Kuchta, Skrzydlewska’s parliamentary assistant, said that the problem has been slow to dawn on businesses, but now that more concerns are being raised they are taking steps to curtail inappropriate materials reaching young girls. Gaining the cooperation of retailers, she said, is a major step forward, since this is where the cultural rubber hits the road.

“Honestly speaking, there has been lots of response from businesses,” Kuchta said in a phone interview today. “British retail companies have created an association and a code of good practice.” They have also created a website, called Stop Shop, where they can respond directly to parents’ concerns.

There came a moment, Kuchta said, when the business leaders saw that they had gone too far and could “see that push-up bras for 12 year-olds is inappropriate”. Although the movement in the EU was originally sparked by the work of U.S. psychology researchers, Kuchta said it has really taken hold of the public mind in Britain, where the government is making the problem a priority.

A parents’ NGO based in Paris has contacted the EU Parliamentarians saying that progress is also being made in France, where government regulation already exists. The French group, Kuchta said, is working towards creating cooperation between parents, schools, business and “civil society”. The group is working on a public campaign, featuring popular pop and TV stars and the fashion magazine Marie Claire.

“The worrying phenomenon of the hypersexualization of our environment has noxious effects on young people. What is more, the hypersexualization of public spaces relies on and reinforces well established sexual stereotypes, according to which girls should be not only pretty and skinny but also sexy and hot and the boys should play the macho role and dominate the girls,” Kuchta said.

“From a very young age, girls are treated as sexual objects, their development is not respected, and the lines between childhood and adulthood are blurred.  Children, especially girls are the targets of marketing specialists who sell them age inappropriate products so they will become lifetime customers.”

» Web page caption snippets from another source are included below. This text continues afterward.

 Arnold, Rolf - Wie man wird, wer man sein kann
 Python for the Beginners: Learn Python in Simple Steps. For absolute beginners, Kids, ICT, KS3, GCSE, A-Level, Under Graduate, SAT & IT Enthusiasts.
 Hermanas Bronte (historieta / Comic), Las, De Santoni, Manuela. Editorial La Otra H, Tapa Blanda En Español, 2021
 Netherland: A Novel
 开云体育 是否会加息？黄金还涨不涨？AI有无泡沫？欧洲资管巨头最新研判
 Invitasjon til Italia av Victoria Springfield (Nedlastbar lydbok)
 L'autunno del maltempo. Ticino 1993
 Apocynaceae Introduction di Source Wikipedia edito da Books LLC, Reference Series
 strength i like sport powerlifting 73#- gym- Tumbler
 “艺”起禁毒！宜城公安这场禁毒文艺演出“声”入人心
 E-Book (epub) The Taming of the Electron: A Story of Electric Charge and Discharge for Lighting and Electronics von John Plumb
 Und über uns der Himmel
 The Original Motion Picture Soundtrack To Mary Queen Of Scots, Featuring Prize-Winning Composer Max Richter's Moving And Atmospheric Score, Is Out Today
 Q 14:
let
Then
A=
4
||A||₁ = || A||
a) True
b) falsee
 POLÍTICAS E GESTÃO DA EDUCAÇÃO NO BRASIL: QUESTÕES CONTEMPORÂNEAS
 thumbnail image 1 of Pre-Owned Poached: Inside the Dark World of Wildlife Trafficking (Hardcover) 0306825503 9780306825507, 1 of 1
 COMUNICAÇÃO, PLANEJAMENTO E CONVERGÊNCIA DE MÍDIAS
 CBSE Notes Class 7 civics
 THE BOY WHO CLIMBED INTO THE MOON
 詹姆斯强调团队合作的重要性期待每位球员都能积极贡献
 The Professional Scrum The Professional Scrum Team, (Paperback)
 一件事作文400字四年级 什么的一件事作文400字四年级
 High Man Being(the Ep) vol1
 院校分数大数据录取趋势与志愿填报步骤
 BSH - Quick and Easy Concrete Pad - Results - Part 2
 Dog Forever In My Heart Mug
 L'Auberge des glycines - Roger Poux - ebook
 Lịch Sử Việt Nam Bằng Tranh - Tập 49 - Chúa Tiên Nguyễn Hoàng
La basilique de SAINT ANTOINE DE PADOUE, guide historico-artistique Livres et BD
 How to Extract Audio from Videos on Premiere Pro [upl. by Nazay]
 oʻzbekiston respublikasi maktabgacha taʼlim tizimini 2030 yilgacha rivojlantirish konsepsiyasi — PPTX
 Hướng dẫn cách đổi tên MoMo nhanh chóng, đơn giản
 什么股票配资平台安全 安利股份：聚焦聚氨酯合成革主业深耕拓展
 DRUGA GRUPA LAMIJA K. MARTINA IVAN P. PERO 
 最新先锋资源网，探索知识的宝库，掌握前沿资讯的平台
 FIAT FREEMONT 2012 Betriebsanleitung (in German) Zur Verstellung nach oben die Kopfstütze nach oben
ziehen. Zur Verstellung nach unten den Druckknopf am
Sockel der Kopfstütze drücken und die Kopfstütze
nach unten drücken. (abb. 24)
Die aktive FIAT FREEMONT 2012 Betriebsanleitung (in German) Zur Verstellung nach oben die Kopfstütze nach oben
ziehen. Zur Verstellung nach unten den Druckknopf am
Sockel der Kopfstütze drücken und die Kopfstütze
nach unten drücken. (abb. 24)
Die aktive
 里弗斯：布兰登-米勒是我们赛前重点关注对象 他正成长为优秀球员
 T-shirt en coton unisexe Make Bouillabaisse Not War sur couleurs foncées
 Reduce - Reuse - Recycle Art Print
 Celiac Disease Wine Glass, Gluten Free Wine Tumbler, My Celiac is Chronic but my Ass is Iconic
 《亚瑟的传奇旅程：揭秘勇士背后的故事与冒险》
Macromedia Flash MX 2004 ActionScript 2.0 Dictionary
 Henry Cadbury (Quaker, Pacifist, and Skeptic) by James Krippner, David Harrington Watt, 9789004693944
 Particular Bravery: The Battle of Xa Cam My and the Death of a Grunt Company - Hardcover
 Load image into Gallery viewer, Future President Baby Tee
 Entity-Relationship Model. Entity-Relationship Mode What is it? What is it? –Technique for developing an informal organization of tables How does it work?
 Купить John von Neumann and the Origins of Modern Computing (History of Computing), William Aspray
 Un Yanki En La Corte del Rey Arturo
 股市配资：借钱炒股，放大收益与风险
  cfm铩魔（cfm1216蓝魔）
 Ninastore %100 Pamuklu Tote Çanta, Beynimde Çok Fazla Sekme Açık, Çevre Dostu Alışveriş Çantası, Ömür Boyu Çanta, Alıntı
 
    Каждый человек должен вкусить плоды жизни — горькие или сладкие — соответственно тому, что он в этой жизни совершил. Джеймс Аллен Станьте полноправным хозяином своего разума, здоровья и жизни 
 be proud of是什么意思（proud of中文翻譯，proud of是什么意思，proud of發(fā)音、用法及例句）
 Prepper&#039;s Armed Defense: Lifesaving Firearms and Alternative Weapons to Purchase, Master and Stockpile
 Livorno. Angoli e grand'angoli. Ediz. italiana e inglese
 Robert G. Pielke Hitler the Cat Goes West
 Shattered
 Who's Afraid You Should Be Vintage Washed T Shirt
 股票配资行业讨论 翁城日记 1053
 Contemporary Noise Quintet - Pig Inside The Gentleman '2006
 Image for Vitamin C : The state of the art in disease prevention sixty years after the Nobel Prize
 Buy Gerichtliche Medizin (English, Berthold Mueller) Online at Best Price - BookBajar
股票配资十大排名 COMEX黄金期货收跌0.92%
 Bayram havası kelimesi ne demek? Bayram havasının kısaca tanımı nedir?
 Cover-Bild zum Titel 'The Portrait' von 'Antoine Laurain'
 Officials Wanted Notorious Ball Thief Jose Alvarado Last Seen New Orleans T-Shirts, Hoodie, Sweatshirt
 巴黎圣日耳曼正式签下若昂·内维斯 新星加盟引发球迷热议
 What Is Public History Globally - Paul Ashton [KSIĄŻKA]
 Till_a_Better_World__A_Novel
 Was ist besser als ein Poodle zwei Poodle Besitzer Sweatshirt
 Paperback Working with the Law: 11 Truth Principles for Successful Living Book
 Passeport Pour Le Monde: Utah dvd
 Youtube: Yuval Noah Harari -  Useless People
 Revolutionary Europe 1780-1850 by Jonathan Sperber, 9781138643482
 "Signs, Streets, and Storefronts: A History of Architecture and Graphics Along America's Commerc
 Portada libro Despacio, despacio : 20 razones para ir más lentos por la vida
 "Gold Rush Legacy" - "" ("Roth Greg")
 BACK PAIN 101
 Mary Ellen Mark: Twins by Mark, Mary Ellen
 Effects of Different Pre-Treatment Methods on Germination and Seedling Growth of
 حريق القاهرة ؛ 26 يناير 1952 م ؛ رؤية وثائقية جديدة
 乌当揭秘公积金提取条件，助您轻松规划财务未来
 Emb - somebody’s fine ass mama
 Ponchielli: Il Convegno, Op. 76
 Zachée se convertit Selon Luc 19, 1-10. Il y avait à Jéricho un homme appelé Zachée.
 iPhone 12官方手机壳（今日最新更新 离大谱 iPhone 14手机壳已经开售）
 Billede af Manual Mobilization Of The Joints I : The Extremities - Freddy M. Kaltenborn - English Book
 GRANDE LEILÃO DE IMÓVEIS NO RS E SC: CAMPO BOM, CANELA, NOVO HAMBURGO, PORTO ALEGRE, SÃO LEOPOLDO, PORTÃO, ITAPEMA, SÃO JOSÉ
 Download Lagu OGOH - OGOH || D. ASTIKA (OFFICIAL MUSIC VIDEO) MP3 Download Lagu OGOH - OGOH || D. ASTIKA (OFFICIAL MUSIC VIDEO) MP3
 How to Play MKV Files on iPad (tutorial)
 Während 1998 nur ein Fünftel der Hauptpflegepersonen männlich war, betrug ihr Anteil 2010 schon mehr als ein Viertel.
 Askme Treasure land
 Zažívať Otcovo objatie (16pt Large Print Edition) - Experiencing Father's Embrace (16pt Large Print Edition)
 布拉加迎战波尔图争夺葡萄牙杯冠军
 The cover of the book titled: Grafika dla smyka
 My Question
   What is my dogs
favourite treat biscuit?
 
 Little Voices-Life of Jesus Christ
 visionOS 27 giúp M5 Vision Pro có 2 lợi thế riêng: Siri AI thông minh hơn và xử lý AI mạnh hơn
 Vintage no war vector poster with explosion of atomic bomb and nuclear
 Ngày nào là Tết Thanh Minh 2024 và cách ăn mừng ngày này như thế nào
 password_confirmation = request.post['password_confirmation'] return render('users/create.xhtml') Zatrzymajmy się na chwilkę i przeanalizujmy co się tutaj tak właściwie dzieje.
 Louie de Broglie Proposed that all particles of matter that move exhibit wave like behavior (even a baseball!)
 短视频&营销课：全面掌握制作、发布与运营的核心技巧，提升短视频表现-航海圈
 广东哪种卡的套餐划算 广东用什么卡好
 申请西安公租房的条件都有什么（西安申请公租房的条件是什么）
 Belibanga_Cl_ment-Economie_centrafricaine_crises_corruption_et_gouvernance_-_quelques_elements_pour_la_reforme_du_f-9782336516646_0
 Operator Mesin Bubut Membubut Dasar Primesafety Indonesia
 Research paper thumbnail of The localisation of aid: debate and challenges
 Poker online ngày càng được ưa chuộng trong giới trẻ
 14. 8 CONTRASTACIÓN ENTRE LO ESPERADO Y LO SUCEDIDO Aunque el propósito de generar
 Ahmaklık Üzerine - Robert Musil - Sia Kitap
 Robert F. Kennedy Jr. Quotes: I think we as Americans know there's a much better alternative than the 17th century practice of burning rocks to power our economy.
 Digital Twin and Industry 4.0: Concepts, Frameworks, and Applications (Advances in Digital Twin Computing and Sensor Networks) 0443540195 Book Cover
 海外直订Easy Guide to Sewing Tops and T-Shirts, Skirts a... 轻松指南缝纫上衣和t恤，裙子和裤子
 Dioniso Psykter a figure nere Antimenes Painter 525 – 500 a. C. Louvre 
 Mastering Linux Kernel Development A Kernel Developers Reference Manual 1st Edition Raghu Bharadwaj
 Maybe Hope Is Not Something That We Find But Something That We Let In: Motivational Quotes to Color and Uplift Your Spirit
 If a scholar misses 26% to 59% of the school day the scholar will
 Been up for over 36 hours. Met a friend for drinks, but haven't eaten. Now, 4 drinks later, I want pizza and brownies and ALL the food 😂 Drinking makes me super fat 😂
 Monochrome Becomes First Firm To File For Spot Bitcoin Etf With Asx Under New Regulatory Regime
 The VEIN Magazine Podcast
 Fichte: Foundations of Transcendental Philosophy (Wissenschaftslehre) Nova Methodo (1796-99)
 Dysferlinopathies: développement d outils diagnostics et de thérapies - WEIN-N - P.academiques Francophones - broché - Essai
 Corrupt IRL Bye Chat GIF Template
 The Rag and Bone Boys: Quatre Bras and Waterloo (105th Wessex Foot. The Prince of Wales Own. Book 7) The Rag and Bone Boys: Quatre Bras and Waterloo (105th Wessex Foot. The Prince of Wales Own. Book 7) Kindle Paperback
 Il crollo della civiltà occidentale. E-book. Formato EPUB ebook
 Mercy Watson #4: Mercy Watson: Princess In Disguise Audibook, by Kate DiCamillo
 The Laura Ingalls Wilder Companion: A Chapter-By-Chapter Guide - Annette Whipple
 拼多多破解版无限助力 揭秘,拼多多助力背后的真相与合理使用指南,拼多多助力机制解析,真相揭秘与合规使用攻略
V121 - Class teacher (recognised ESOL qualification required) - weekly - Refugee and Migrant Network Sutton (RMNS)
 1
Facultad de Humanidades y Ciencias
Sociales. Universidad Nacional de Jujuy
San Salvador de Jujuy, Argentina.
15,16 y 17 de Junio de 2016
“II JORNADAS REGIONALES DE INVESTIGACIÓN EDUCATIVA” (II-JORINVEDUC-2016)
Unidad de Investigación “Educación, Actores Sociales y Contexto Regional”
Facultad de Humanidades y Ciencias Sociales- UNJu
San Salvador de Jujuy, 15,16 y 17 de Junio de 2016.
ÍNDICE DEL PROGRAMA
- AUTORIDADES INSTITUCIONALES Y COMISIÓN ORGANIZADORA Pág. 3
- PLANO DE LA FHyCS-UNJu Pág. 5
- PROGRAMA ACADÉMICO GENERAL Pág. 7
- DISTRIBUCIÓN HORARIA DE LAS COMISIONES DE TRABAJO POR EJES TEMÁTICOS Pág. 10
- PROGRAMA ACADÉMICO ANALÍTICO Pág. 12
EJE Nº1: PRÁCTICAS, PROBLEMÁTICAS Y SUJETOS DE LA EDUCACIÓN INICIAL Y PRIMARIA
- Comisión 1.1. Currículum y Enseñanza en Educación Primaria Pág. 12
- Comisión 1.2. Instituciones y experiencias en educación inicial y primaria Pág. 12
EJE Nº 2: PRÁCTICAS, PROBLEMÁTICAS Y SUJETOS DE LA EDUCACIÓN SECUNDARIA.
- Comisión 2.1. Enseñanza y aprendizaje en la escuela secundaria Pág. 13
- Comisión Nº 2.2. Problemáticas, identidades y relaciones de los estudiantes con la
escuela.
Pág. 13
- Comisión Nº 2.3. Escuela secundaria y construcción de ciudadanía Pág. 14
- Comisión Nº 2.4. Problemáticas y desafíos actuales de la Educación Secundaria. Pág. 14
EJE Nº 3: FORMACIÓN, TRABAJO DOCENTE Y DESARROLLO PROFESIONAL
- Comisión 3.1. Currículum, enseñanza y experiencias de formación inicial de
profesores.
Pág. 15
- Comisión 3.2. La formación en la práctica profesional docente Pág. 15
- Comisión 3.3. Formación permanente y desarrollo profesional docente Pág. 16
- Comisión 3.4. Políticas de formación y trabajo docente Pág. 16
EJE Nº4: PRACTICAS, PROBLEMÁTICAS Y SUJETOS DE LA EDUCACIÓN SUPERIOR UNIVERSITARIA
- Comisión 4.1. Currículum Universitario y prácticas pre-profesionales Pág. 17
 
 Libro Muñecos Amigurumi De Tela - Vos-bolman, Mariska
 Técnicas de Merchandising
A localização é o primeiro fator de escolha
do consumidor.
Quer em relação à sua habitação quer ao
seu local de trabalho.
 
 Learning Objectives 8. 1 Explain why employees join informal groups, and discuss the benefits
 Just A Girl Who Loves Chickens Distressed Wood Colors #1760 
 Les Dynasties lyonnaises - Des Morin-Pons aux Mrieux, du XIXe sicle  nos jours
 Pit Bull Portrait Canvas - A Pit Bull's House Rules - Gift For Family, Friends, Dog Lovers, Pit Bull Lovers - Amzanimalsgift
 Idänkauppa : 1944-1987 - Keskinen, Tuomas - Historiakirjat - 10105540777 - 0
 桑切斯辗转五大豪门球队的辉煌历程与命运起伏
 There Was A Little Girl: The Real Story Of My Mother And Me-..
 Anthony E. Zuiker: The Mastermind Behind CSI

In the past it was adult women who felt the imperative to look “sexy”. Now this imperative is in danger of being adopted by younger and younger girls who will inevitably face the same feelings of inadequacy, failure to live up to an unrealistic ideal.

Skrzydlewska, whose doctoral dissertation was on the subject, says that many young women now believe that “the only confidence worth having is sexual confidence” and in fact, “it seems that what this hyper-sexualized society is selling to girls is actually a caricature of sexual confidence”. Hyper-sexualized images and messages are having a profound impact, researchers have found, with girls becoming more concerned with how others perceive them than with their own interests and desires.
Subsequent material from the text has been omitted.